Mas, se o esbanjamento com armas levou os comunistas à falência, pode também esvaziar a carteira dos americanos. George W. Bush deverá exigir para sua superprodução muito mais que os US$ 60 bilhões calculados pelo comitê orçamentário do Congresso. Numa primeira fase, seria implantada uma rede protetora que, teoricamente, poderia destruir mísseis inimigos logo após os lançamentos. O Exército americano seria responsável pelo desenvolvimento de uma poderosa base de radares e, pelo menos, cinco interceptadores de mísseis no Alasca – região considerada uma das mais desoladas do planeta. A Marinha ficaria com a tarefa de construir um conjunto de 50 interceptadores de mísseis do tipo SM-3, a bordo de dois cruzadores equipados com o sistema Aegis, o mais sofisticado equipamento antimísseis. Além disso, um navio de carga contendo outro poderoso conglomerado de radares ficaria rodando os mares do planeta, como a nau de Ulisses da Odisséia. E finalmente a Força Aérea se incumbiria de um programa a laser montado num Boeing 747.
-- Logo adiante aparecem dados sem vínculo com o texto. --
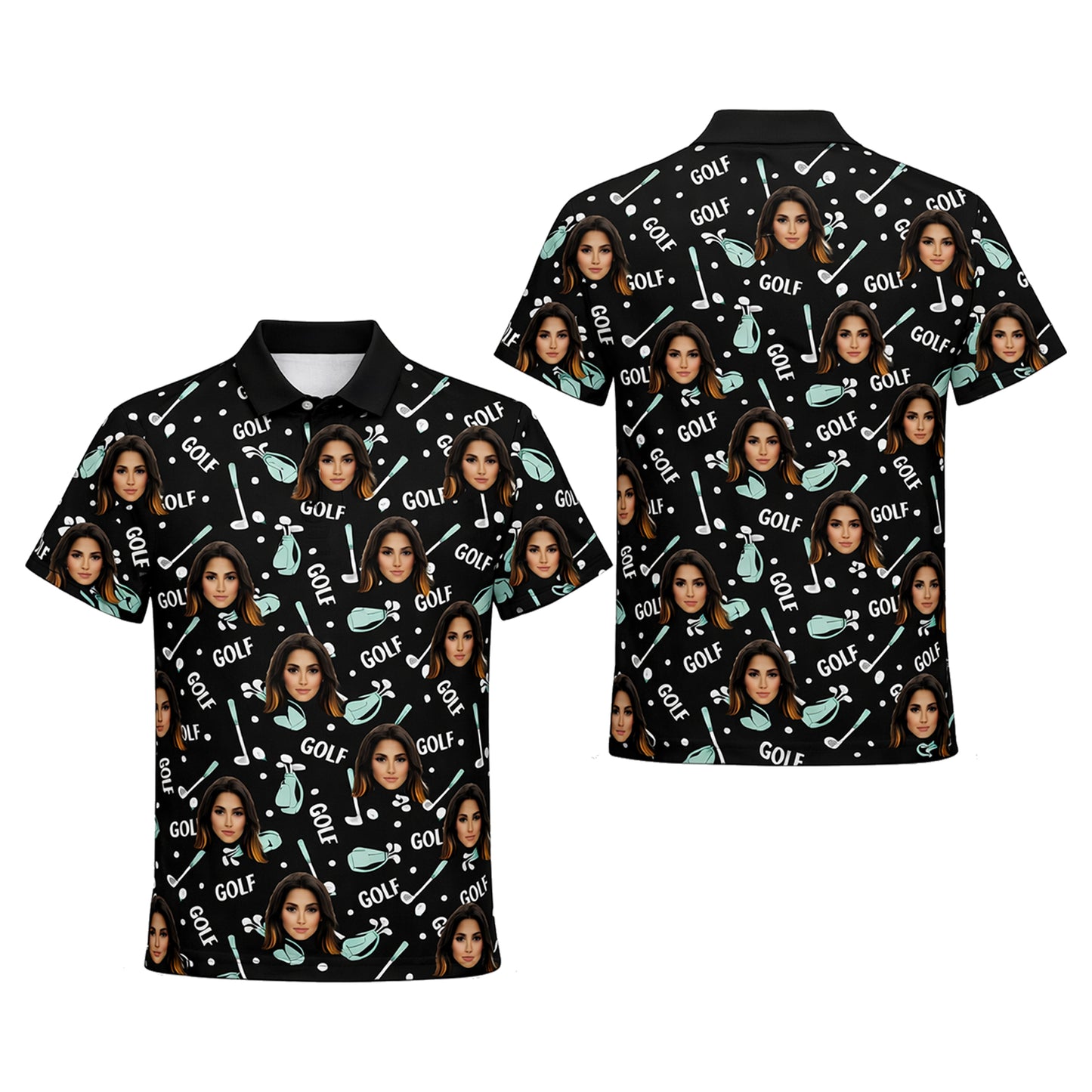Custom Photo Face Golf Polo Shirt Women Black Mint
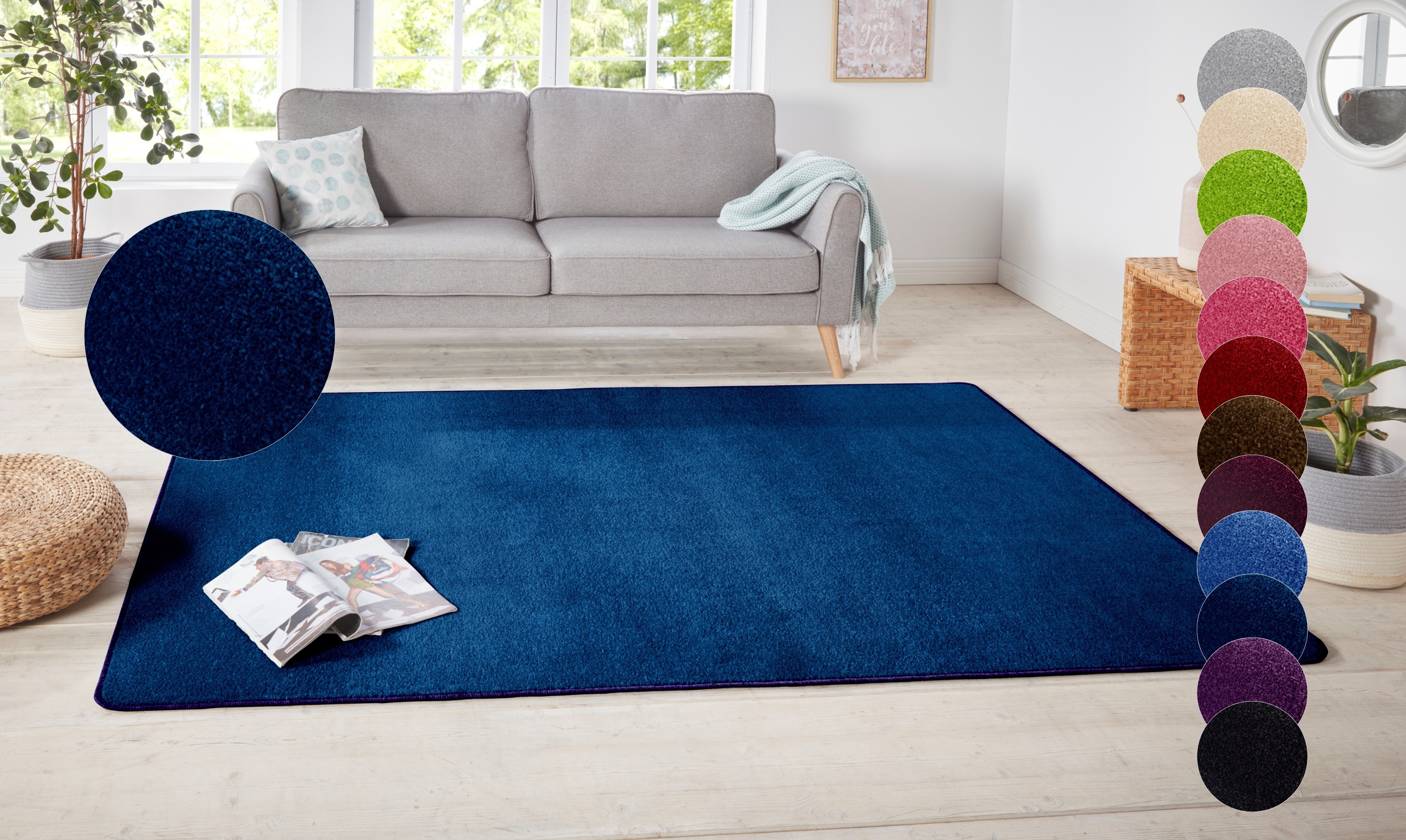 HANSE Home 1100000002199 "Shashi" rechteckig 8,5 mm Höhe Kurzflor, Unifarben, Läufer, weich, Esszimmer, Kinderzimmer, Flur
Fantasia sombria – Mas será que o esquema dá certo? Os especialistas sem vínculos com o Pentágono dizem que não. Com a palavra o cientista Benjamin Sorkin, expert do Instituto de Controle de Armas do Novo México: “A idéia toda é uma fantasia sombria. O sistema, já está provado na prática, não dá certo. O Pentágono fez testes com interceptadores terra-ar e falhou em todas as tentativas. Ponto por ponto desse plano Bush é contestado por especialistas”, diz Sorkin. Se este é o caso e esta Guerra nas Estrelas não passa de um pastelão, por que russos, chineses e o resto do mundo devem se preocupar? “Por vários motivos”, diz Sorkin, “Somente o anúncio da implementação desse sistema já pressupõe um ato de violação do ABM, o mais importante dos acordos nucleares, que vem mantendo o equilíbrio entre as potências. Além disso, muda-se a estratégia nuclear do mundo. Ou seja: os russos não atacam os EUA porque seriam destruídos num contra-ataque e vice-versa. Já a China acredita que o mesmo escudo pode ser usado para proteger Formosa. Tudo isso à custa de muito dinheiro dos contribuintes americanos. E para quê?”, indaga Sorkin.
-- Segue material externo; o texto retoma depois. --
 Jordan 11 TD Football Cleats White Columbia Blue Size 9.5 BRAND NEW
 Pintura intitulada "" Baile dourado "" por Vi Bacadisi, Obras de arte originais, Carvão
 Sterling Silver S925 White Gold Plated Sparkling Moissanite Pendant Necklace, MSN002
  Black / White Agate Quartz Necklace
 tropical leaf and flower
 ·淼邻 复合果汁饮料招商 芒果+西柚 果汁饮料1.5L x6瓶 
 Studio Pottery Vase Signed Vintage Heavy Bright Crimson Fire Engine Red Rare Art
As justificativas também têm tantos furos quanto o megaprojeto. O presidente Bush menciona as ameaças impostas por “Estados-párias” como Iraque, Irã e Coréia do Norte. Mas os especialistas dizem ainda que os programas de mísseis destes países têm sido superestimados pelo Pentágono. E os analistas apontam as múltiplas organizações terroristas como as principais ameaças de ataques. “Os maiores pesadelos são as chamadas bombas atômicas de valise, artefatos nucleares ou biológicos contrabandeados aos EUA em simples malas de mão. Contra isso, até mesmo um sistema antimísseis funcionando perfeitamente se torna absolutamente inútil”, diz o diplomata Richard Butler, ex-chefe da comissão de desarmamento do Iraque.